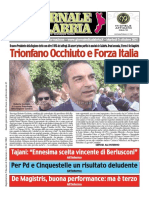 Calabria 05 Ottobre 2021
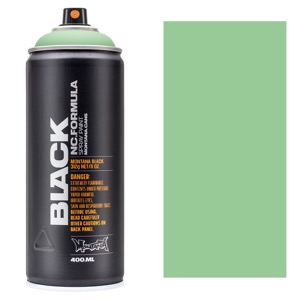 Barva ve spreji Montana black 400ml – 6210 E2E green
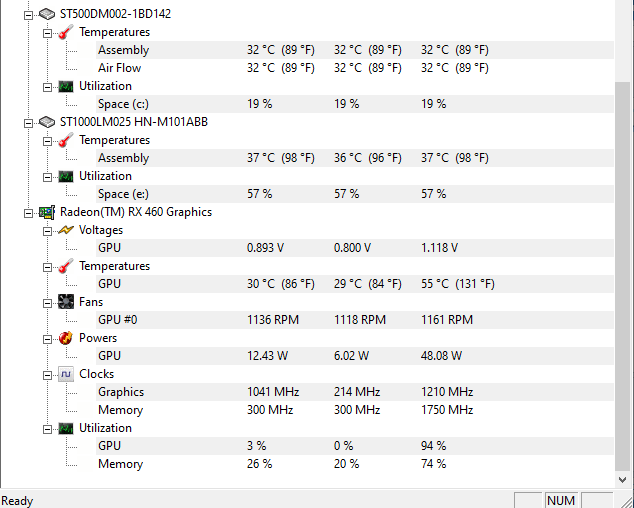 AMD x4 860K OC rada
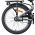 Volare Cross Kinderfiets - Jongens - 20 inch - Grijs - Nexus 3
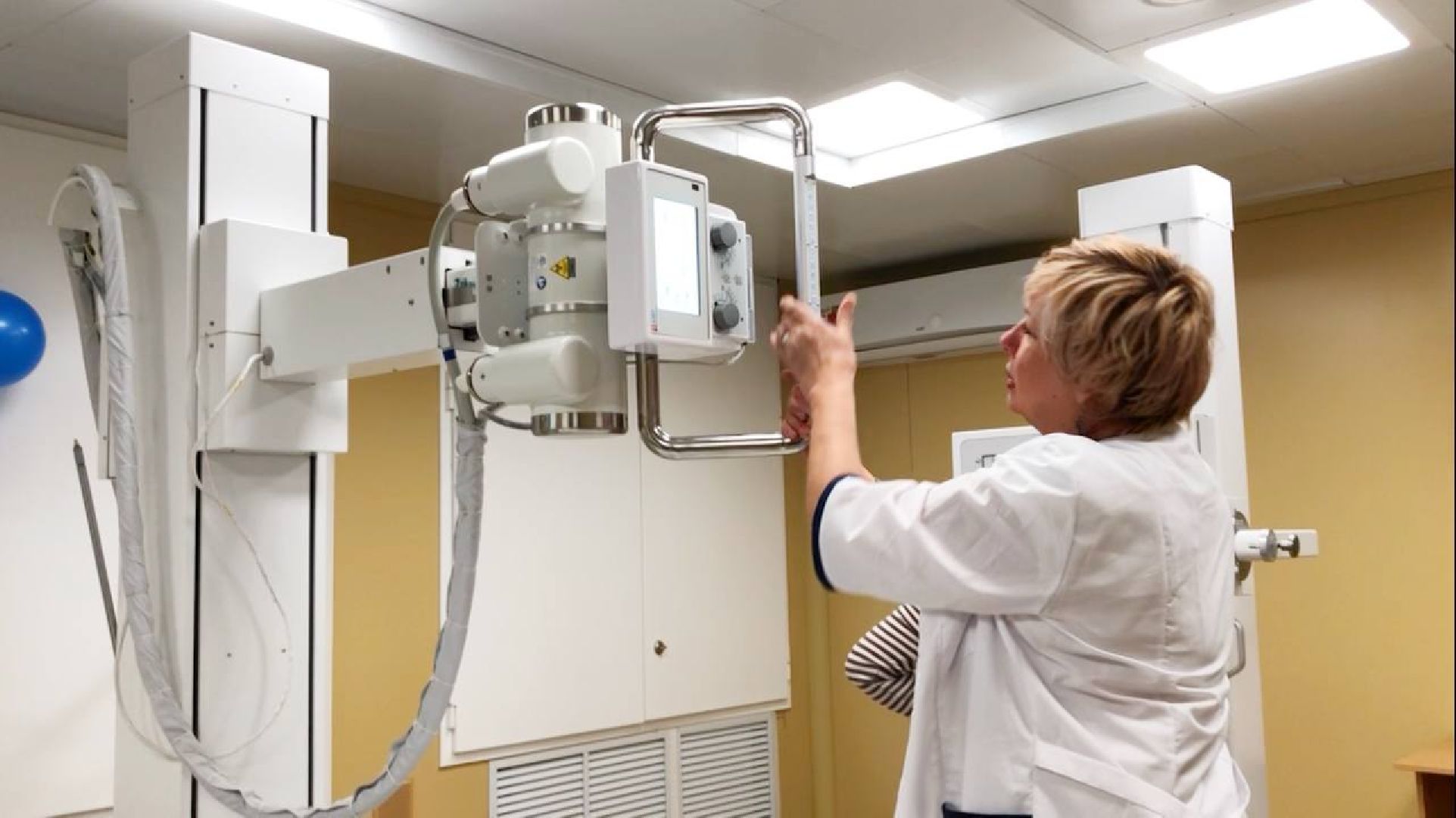 руза, медицина, рентген, рентген-кабинет, здоровье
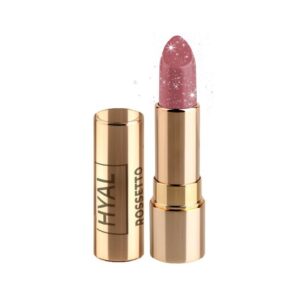 Hyaluron Glitzer Lippenstift – Mauve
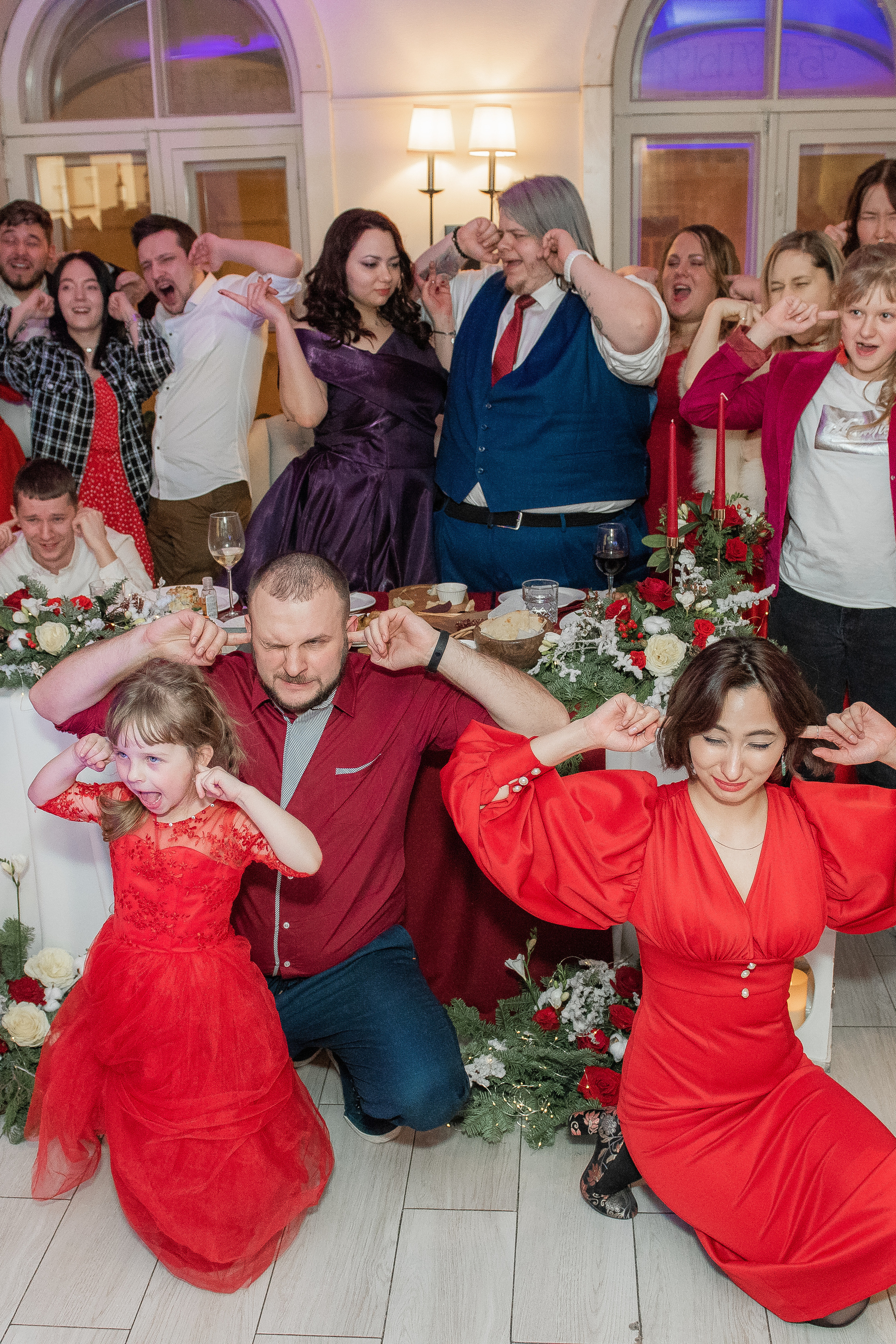 Лина и Игорь. Семейный и бренд фотограф в Москве Ольга Кудина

THE PROBLEM.
Beginning with the line that contains "Hyaluron Glitzer Lippenstift – Mauve" and ending with the final line of the material, reproduce those lines exactly and nothing else. Omit the pictures.

WRITTEN REPLY.
 Hyaluron Glitzer Lippenstift – Mauve
 Лина и Игорь. Семейный и бренд фотограф в Москве Ольга Кудина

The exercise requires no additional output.